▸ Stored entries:
____

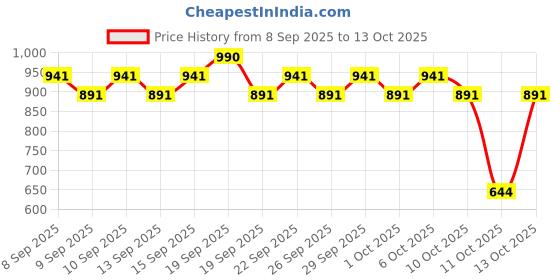 nykaa.com RAS Luxury Oils Deep Nourish Multipurpose Butter Balm For Skin Hair & Nails ras luxury oils Price History Graph from 8 Sep 2025 to 13 Oct 2025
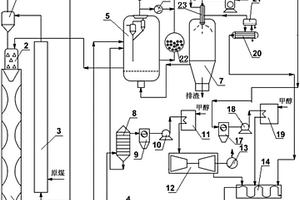 耦合煤热解与空气气化的联合循环发电系统及方法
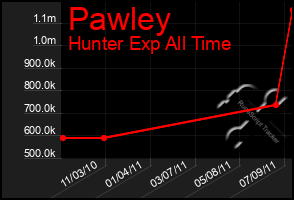 Total Graph of Pawley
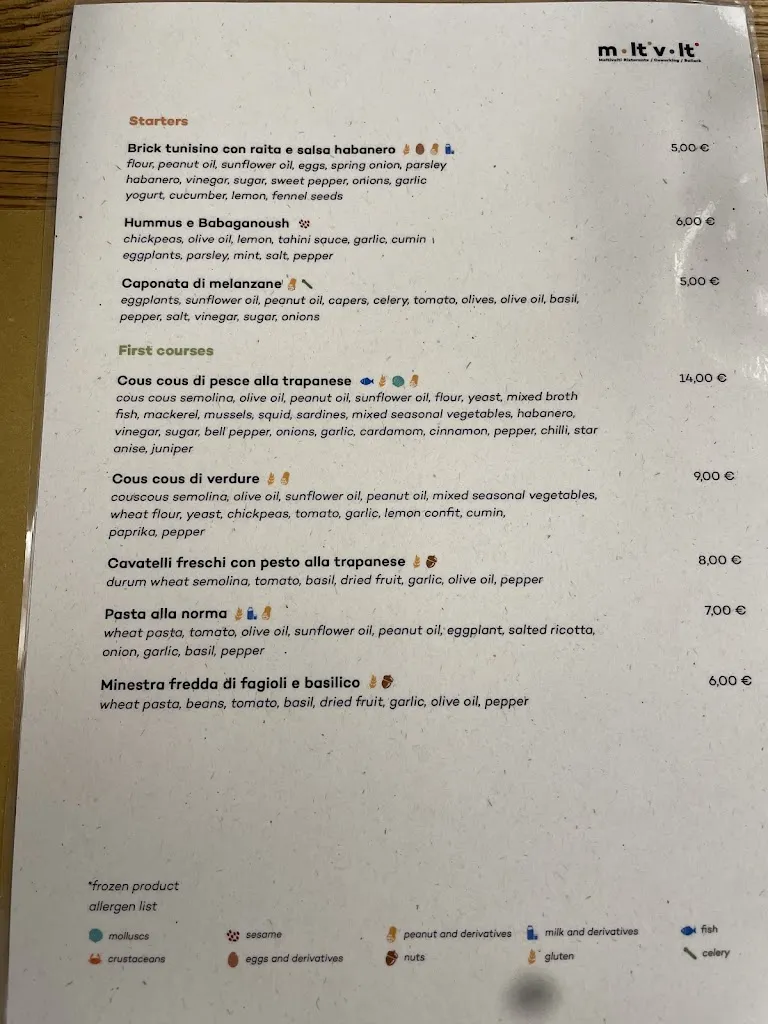 Menu_Moltivolti_Aliminusa_image_4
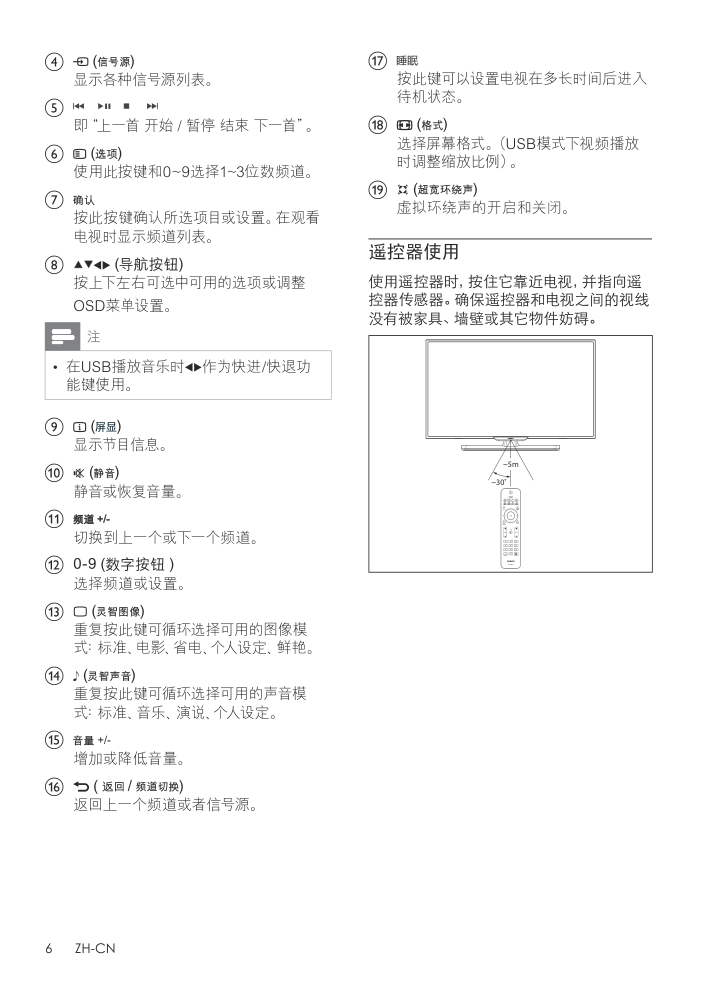 飞利浦40PFL3240T3液晶彩电使用说明书-7 飞利浦40PFL3240T3液晶彩电使用说明书-7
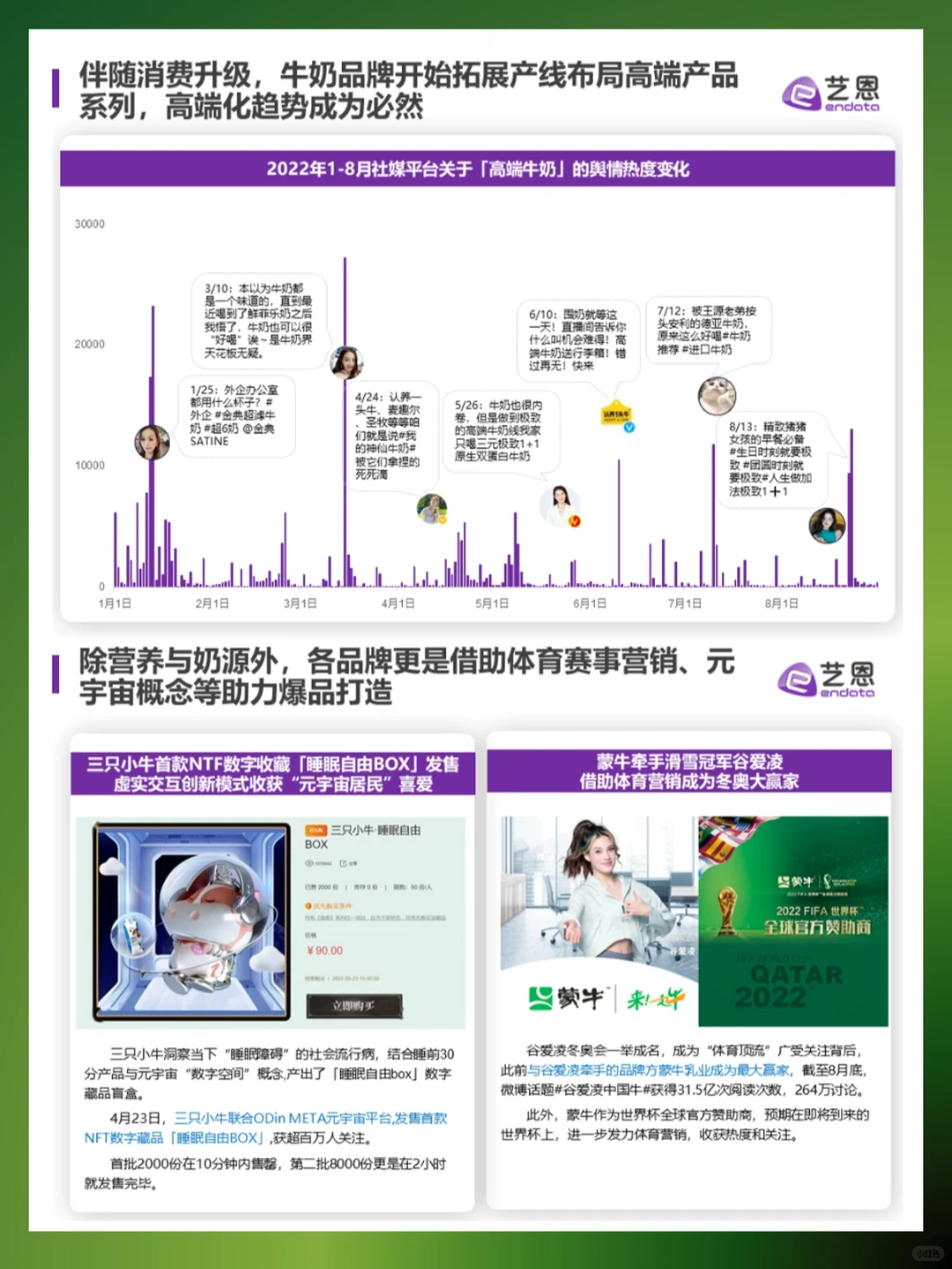 牛奶快消品消费趋势分析?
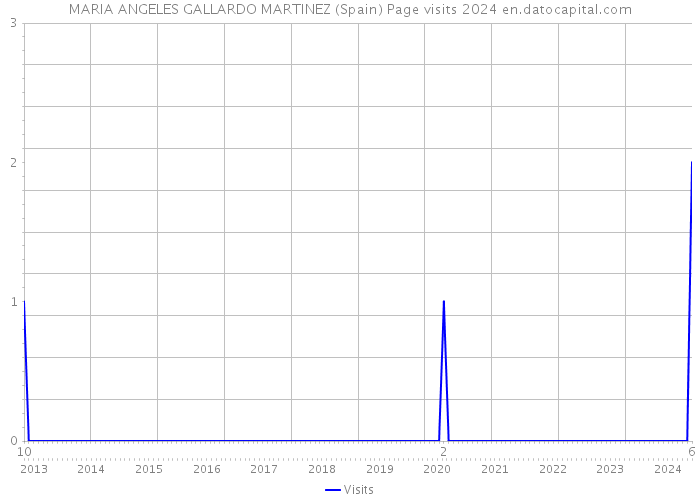 MARIA ANGELES GALLARDO MARTINEZ (Spain) Page visits 2024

____

▸ How to complete this task:
With the images omitted, repeat all the data word for word.

▸ Exercise result:
 nykaa.com RAS Luxury Oils Deep Nourish Multipurpose Butter Balm For Skin Hair & Nails ras luxury oils Price History Graph from 8 Sep 2025 to 13 Oct 2025
 耦合煤热解与空气气化的联合循环发电系统及方法
 Total Graph of Pawley
 Menu_Moltivolti_Aliminusa_image_4
 飞利浦40PFL3240T3液晶彩电使用说明书-7 飞利浦40PFL3240T3液晶彩电使用说明书-7
 牛奶快消品消费趋势分析?
 MARIA ANGELES GALLARDO MARTINEZ (Spain) Page visits 2024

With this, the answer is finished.